## Work task
Retype, without changes or pictures, only the lines that begin at the one containing "Marks and Spencer" and end at the last line of the records that follow.

## Data for processing
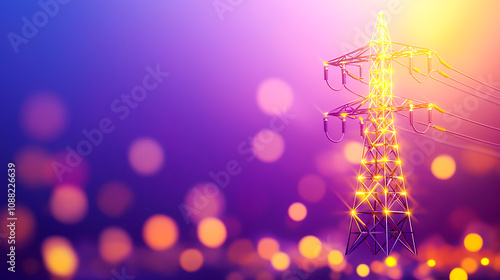 Radiant Electricity Tower Against Colorful Background photo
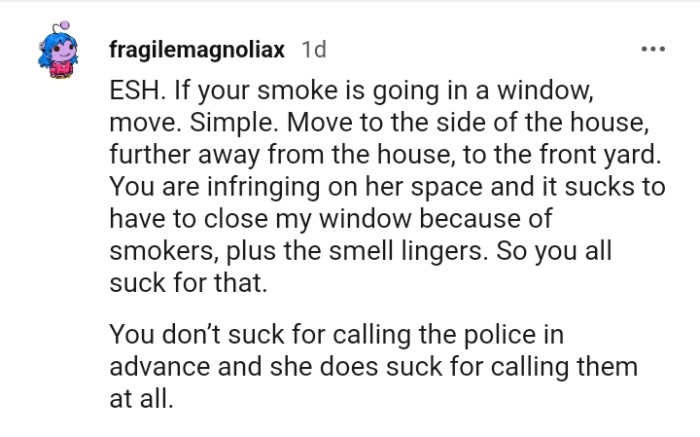 You are infringing on her right and it sucks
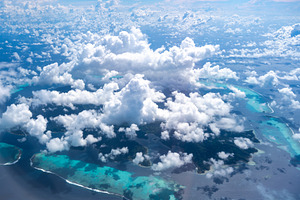Aerial view of the paradise island of Tahaa in French Polynesia, a Nature Photo by GoodGoods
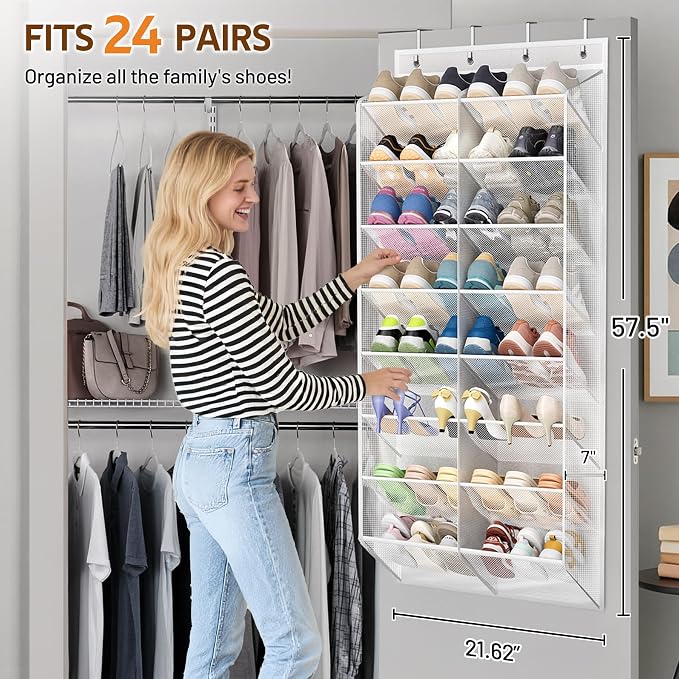 MISSLO 24 Pairs Over the Door Shoe Organizer Breathable Mesh Hanging Shoe Rack for Closet Storage with Wide Deep Pockets 8 Tier Shoes Holder Fit All the Family's Sneakers, Boots, Heels (White, 57.5") - Image 2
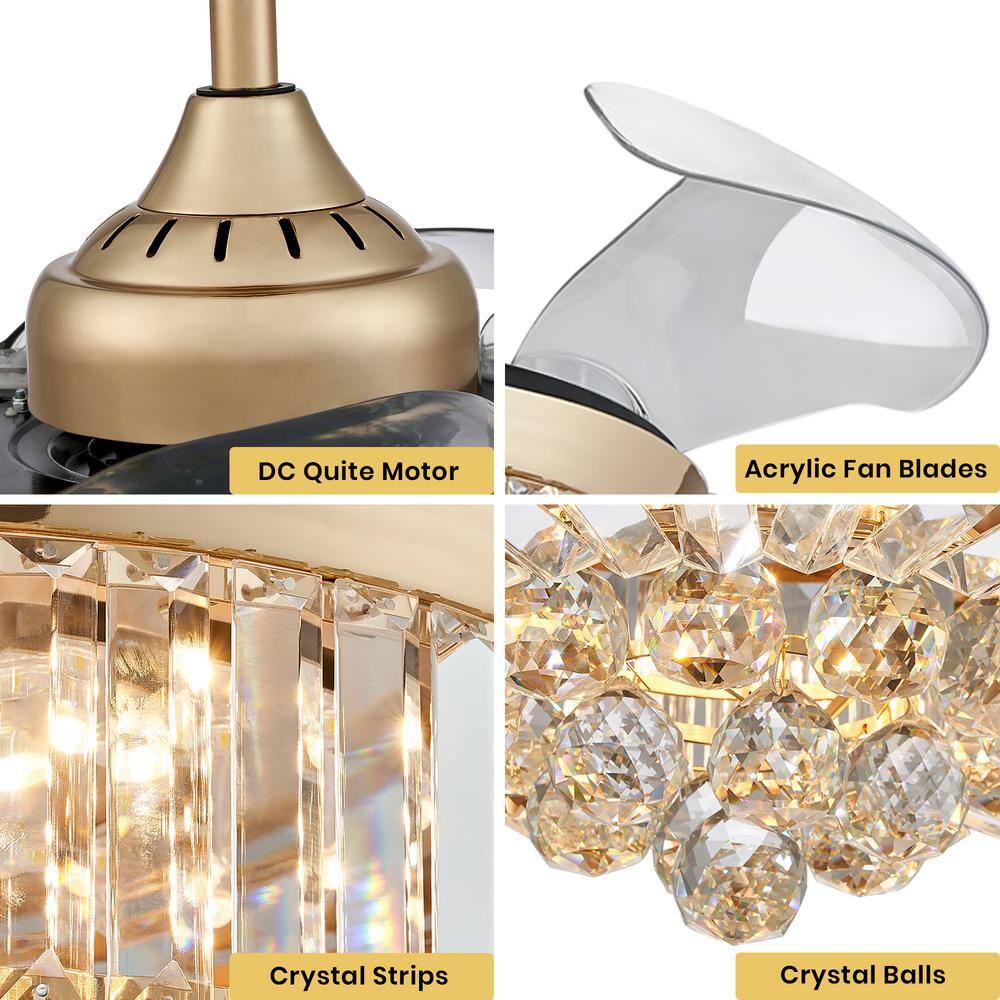 ANTOINE 36 in Integrated LED Indoor Gold Crystal Chandelier Retractable Blades Ceiling Fan with Light and Remote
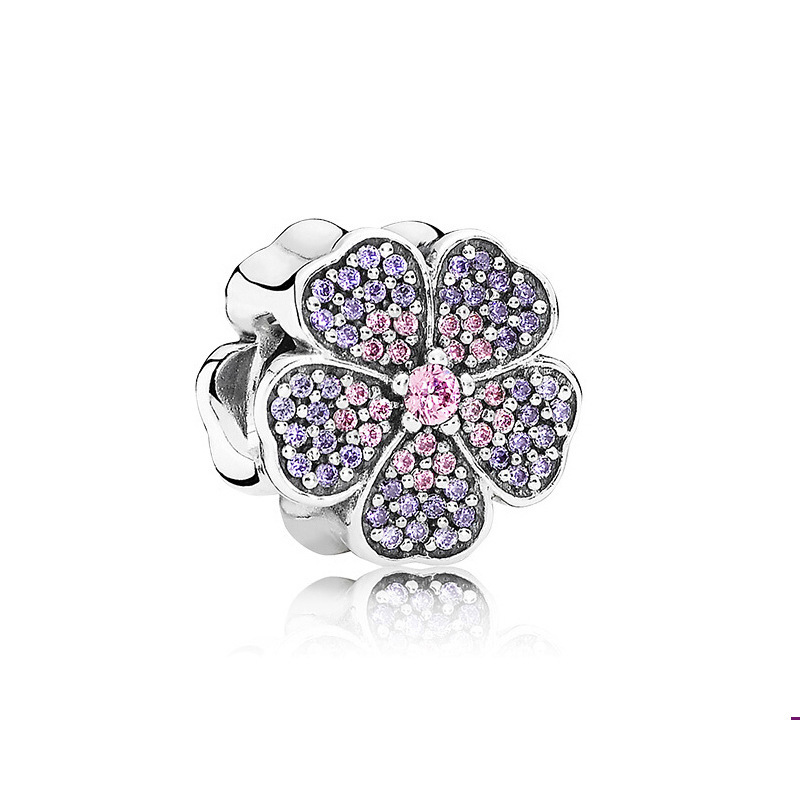 pan luxuryreplica Beads Bow Clover Gift Box Bag Hanging Beads DIY Accessories Beads 925 Sterling Silver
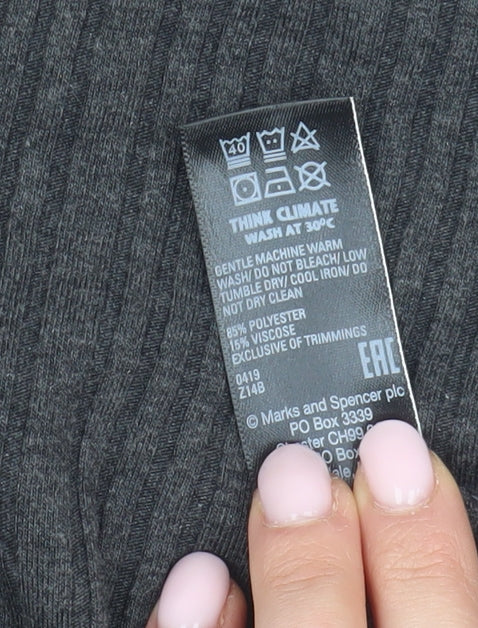 Marks and Spencer Grey Shift Dress, Size 12, Long Sleeve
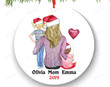 Personalized Single Mother Of Two Baby And Kid Christmas Ornament Mom Daughter Son Family Boy Girl Portrait Gifts For From Baby Parent Mommy Hanging Decoration Xmas Tree Decor
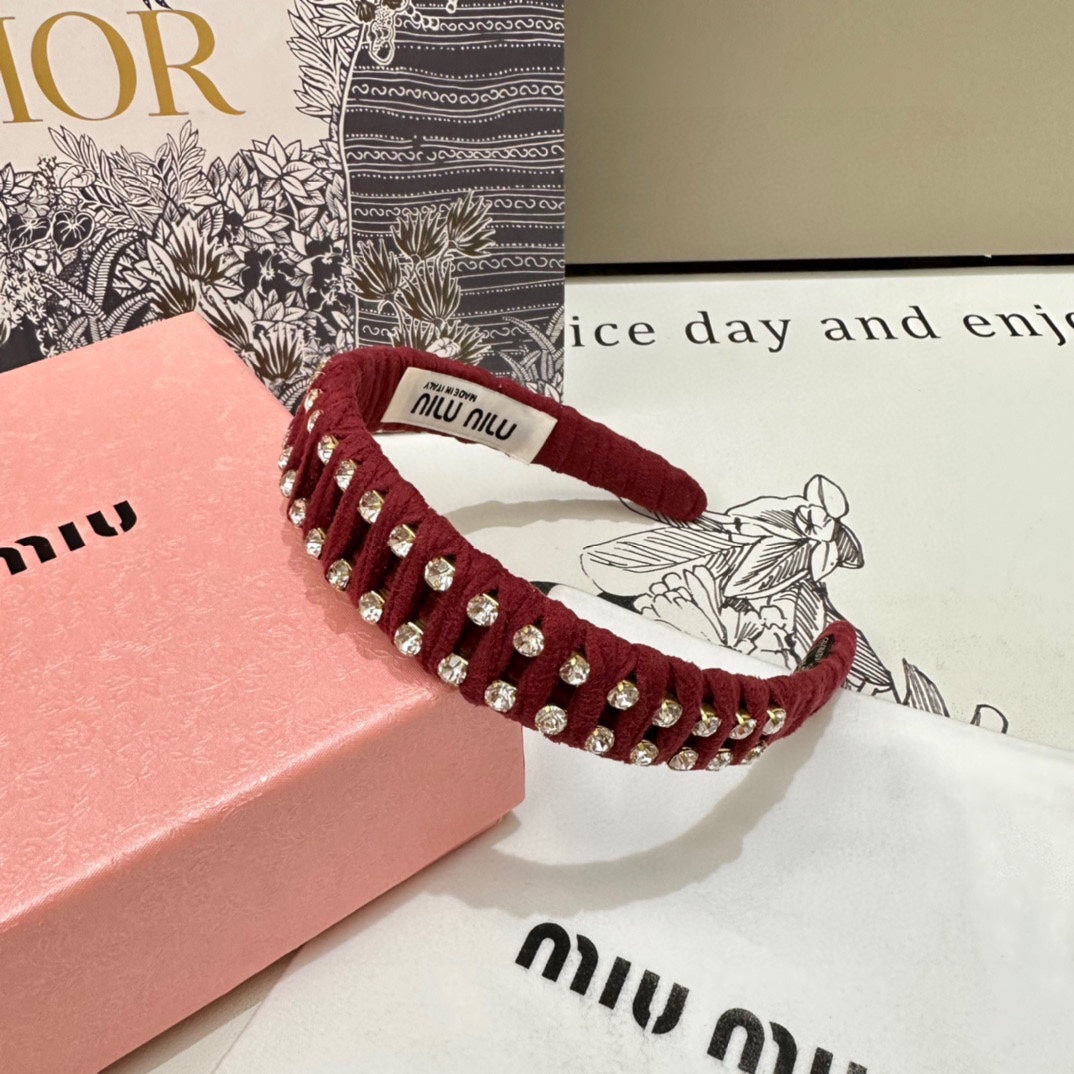 DIADEMA DE FIELTRO ROJO CON DECORACIÓN DE DIAMANTES 230832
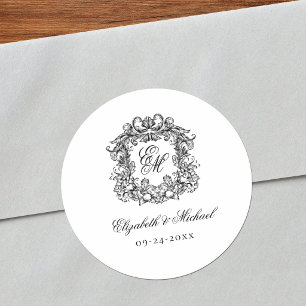 Elegant Vintage Monogram Crest Wedding Classic Round Sticker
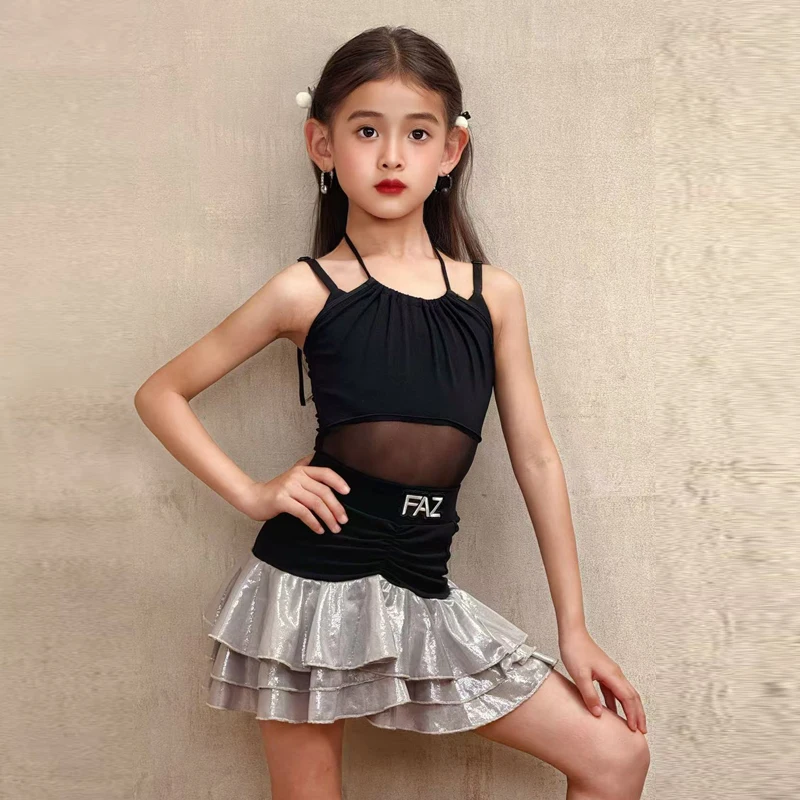 Ensemble de robe noire à trois couches, costume de spectacle de danse latine pour filles, costume de spectacle cha-cha rumba pour enfants, nouvelle collection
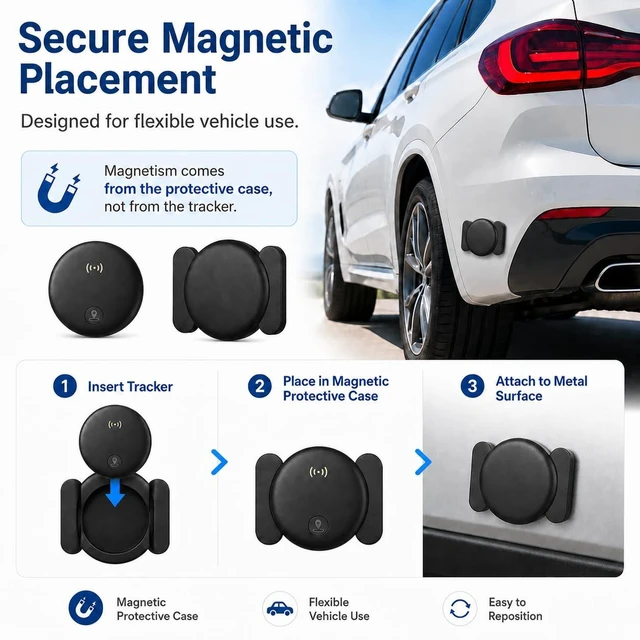 Alt view image 6 of 7 - GPS Tracker for Vehicle, Undetectable Car Tracker for Android & iOS 3-Day Location History, No Monthly Fee No SIM, IP68 Waterproof, Real-Time Tracking with Magnetic Case, 365-Day Battery Life
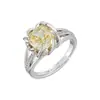 Moda Nuevo Favorito Gama Alta Anillo Abierto Corte Flor de Hielo Nicho Único Montura de Garras Anillo Brillante Llamativo Anillo para Dedo Índice de Mujer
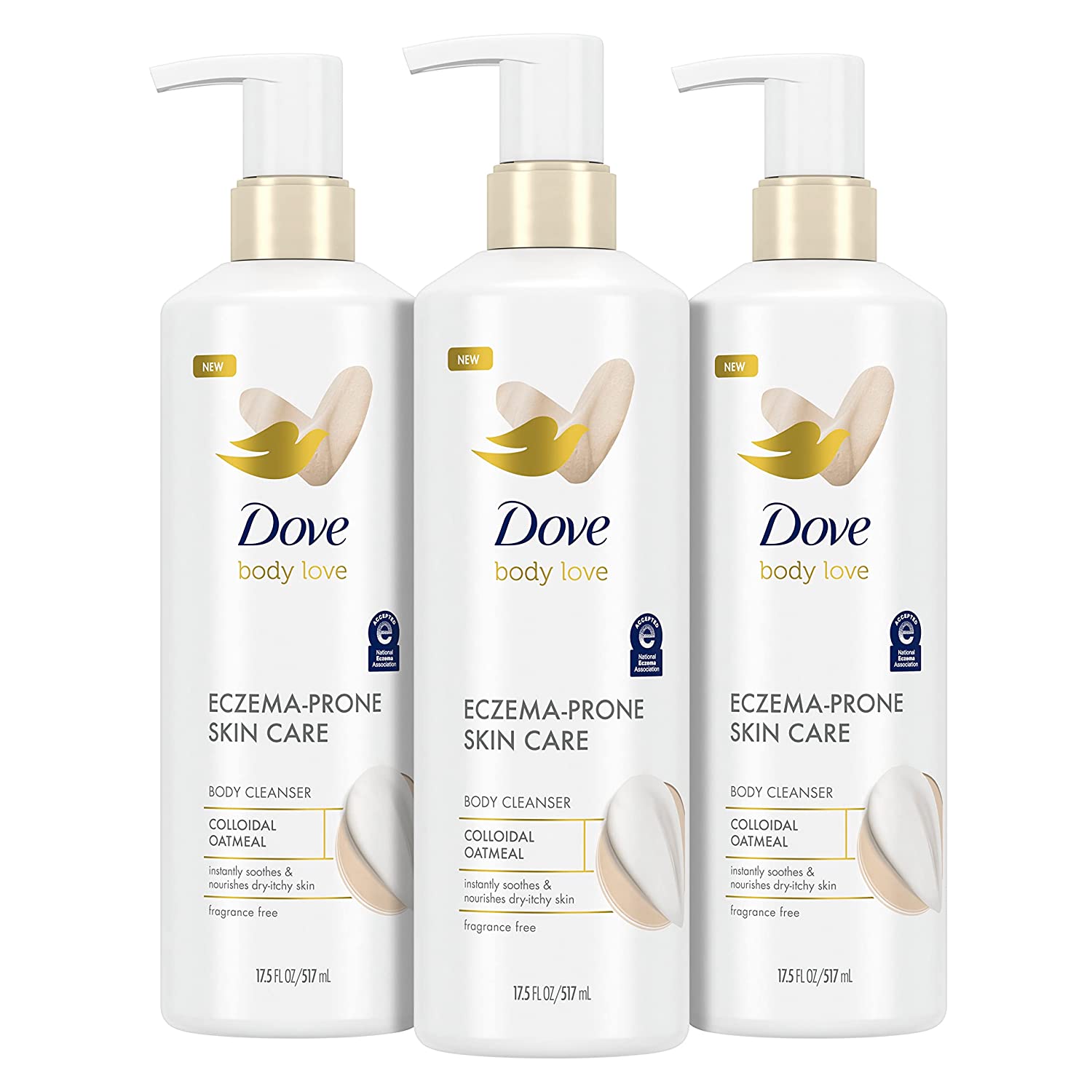 Dove Body Love Body Cleanser Eczema-Prone Skin Care Colloidal Oatmeal 3 Count Fragrance Free Body Wash Instantly Soothes & Nourishes Dry-Itchy Skin 17.5 FO
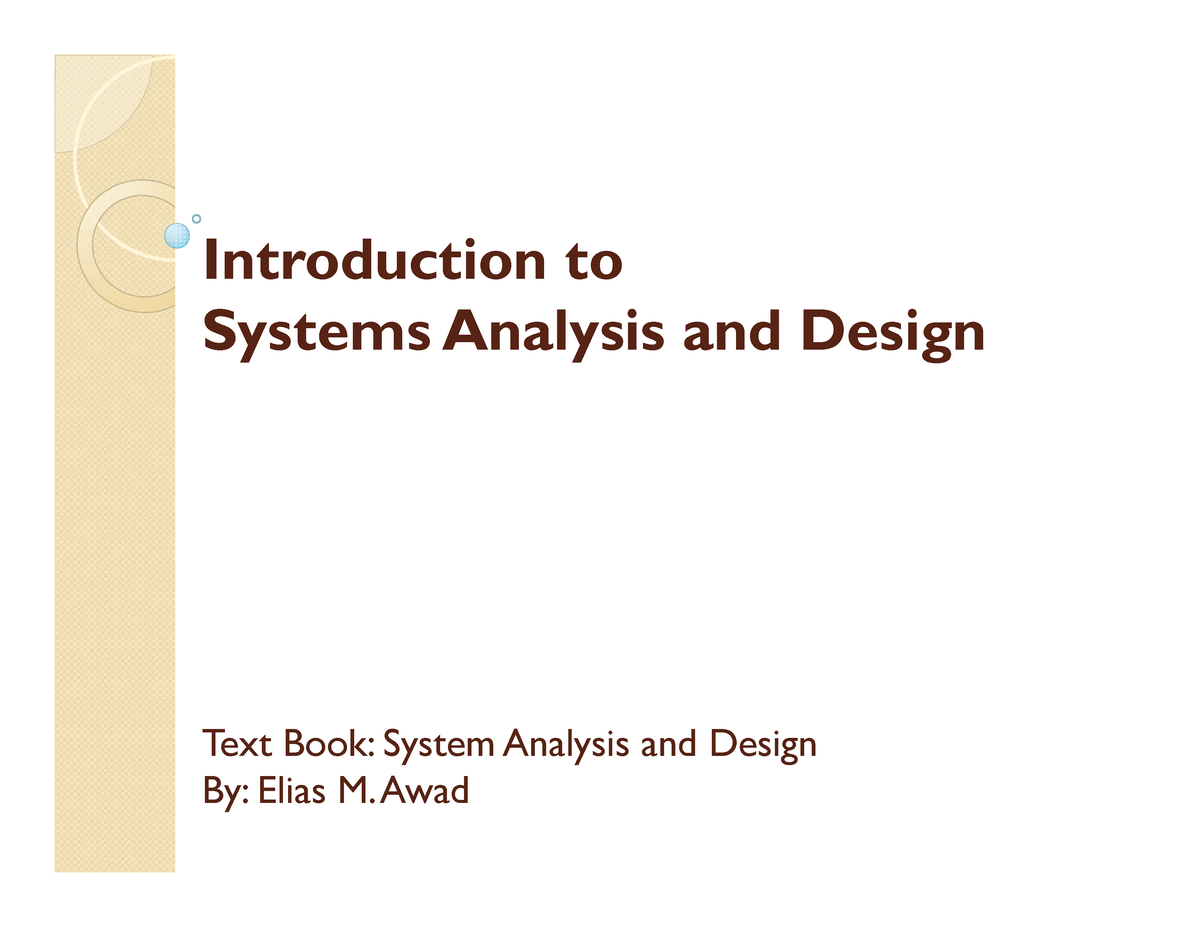 System Analysis And Design - Introduction To Systems Analysis And ...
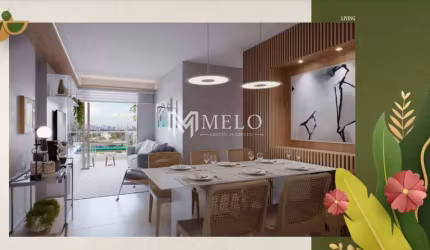 Parque das Palmeiras- 56,15m²,com 2 ou 3 quartos (01 suíte), sala, cozinha, varanda, wc.
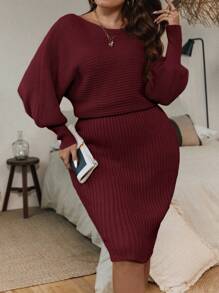 SHEIN Clasi 大码女式优雅宽松套头毛衣连衣裙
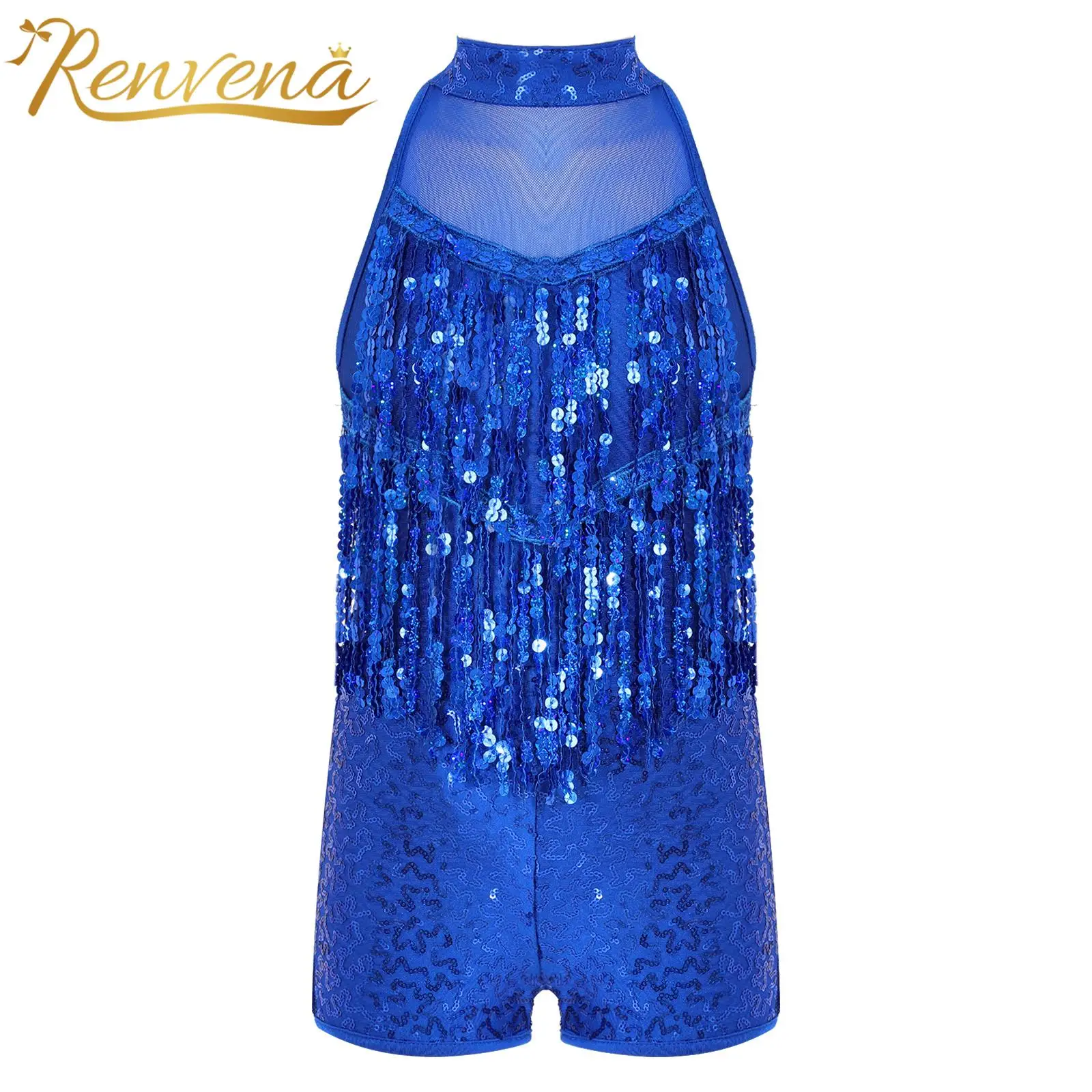 

Kids Girls Shiny Sequins Ballet Dance Leotard Tassel Jumpsuit Bodysuit for Latin Modern Jazz Dancing Stage Costumes Party Dressy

## Task solution
 Marks and Spencer Grey Shift Dress, Size 12, Long Sleeve
 Personalized Single Mother Of Two Baby And Kid Christmas Ornament Mom Daughter Son Family Boy Girl Portrait Gifts For From Baby Parent Mommy Hanging Decoration Xmas Tree Decor
 DIADEMA DE FIELTRO ROJO CON DECORACIÓN DE DIAMANTES 230832
 Elegant Vintage Monogram Crest Wedding Classic Round Sticker
 Ensemble de robe noire à trois couches, costume de spectacle de danse latine pour filles, costume de spectacle cha-cha rumba pour enfants, nouvelle collection
 Alt view image 6 of 7 - GPS Tracker for Vehicle, Undetectable Car Tracker for Android & iOS 3-Day Location History, No Monthly Fee No SIM, IP68 Waterproof, Real-Time Tracking with Magnetic Case, 365-Day Battery Life
 Moda Nuevo Favorito Gama Alta Anillo Abierto Corte Flor de Hielo Nicho Único Montura de Garras Anillo Brillante Llamativo Anillo para Dedo Índice de Mujer
 Dove Body Love Body Cleanser Eczema-Prone Skin Care Colloidal Oatmeal 3 Count Fragrance Free Body Wash Instantly Soothes & Nourishes Dry-Itchy Skin 17.5 FO
 System Analysis And Design - Introduction To Systems Analysis And ...
 Parque das Palmeiras- 56,15m²,com 2 ou 3 quartos (01 suíte), sala, cozinha, varanda, wc.
 SHEIN Clasi 大码女式优雅宽松套头毛衣连衣裙

Kids Girls Shiny Sequins Ballet Dance Leotard Tassel Jumpsuit Bodysuit for Latin Modern Jazz Dancing Stage Costumes Party Dressy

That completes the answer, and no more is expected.